December 3, 2008
Price dive to flatten 2009 world wheat harvest
Wheat planting worldwide may drop as much as 3 percent next year after prices tumbled from a record and as a recession cuts meat consumption and feed grain demand, said the Canadian Wheat Board.
Ian White, chief executive officer of the Winnipeg-based board, said in an interview in Tokyo that Canada, the second biggest wheat exporter after the US, will have wheat harvest fall as much as 5 percent from 25.1 million acres (10.2 million hectares) this year.
Decreased planting will make the wheat prices susceptible to supply problems as global stockpiles are at historical lows even after a record harvest, White said. Inventories are forecast to rise for the first time in 4 years as of June 30, 2009, after a year earlier falling in the top five exporting countries to the lowest in 30 years, according to the International Grains Council (IGC).
Prices slumped to a 17-month low of US$4.965 a bushel on October 24, retreating 61 percent from a record US$13.495 on February 27, as investors sought cash amid a credit crisis.
White said that global wheat demand will probably fall by 1 percent to 3 percent from this year as an economic slump may spur consumers to cut spending on meat, decreasing use of the grain in animal feed. Consumption is forecast by the IGC at 650 million tonnes in 2008-09, compared with 614 million a year earlier.
Nobuyuki Chino, president of Tokyo-based Unipac Grain Ltd., said that consumers will reduce spending not only on luxury goods but also on necessities such as food eventually, as global economies are deteriorating. Grain prices will then come under pressure due to lack of demand.
Grain importers such as South Korea purchased wheat as a cheaper feed grain alternative when Chicago corn prices surged this year. Feed makers in Asia's second-largest grain importer bought feed wheat in May for the first time in a year.
While staple food consumption is slightly increasing, a reduction in feeding will overcome the small increase, White added.
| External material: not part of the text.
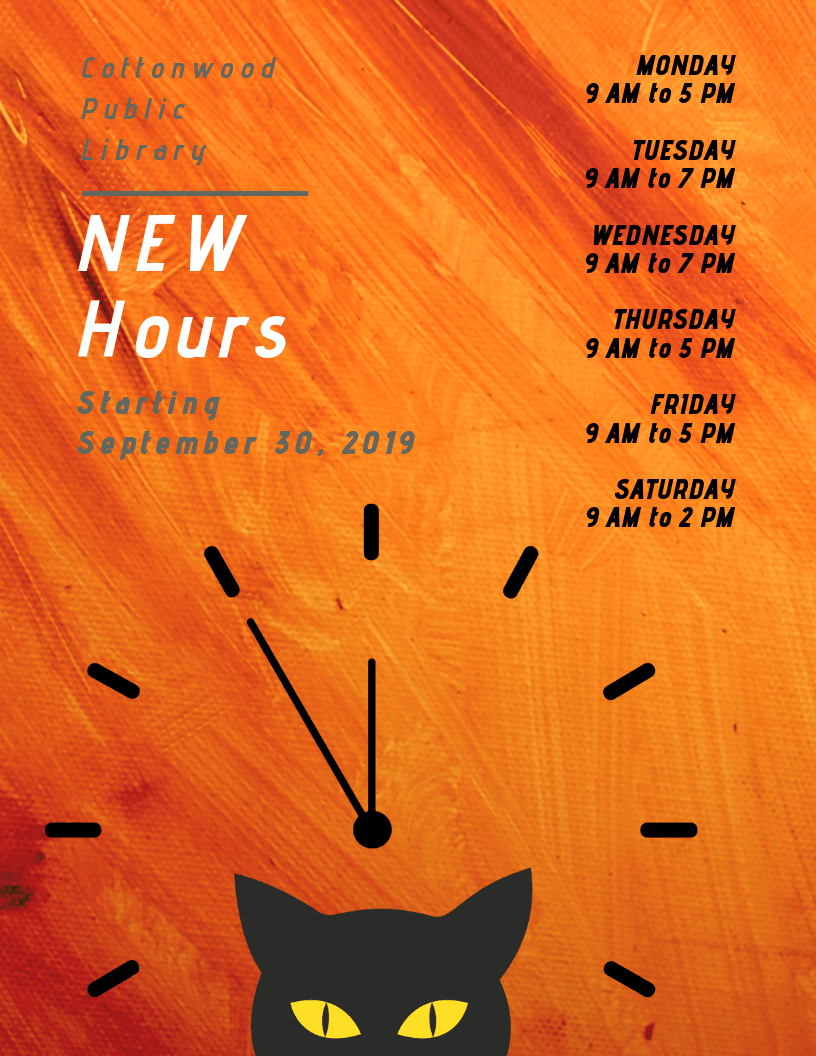 Copy of NEW HOURS flyer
Still, the CWB forecasts its milling wheat exports will rise by 9.6 percent to more than 16 million tonnes in the year to July 31, 2009, from a year earlier on demand for higher-protein Canadian wheat, White said. Of the total, 3.5 million tonnes will be durum and 12.5 million tonnes other varieties, he added.
White stated that overall wheat exports from Canada will rise to almost 18 million tonnes from 15.8 million tonnes. Exports of feed wheat from the country will be "almost negligible" as this year's crop is of flour-milling quality.
CWB has a monopoly over wheat shipments from western Canada. Its main export markets include Japan, Indonesia and Sri Lanka, White added
Global wheat stockpiles are forecast to grow 27 percent from a year earlier to 150 million tons as of June 30, 2009, representing 23 percent of world annual consumption, the International Grains Council forecast last month.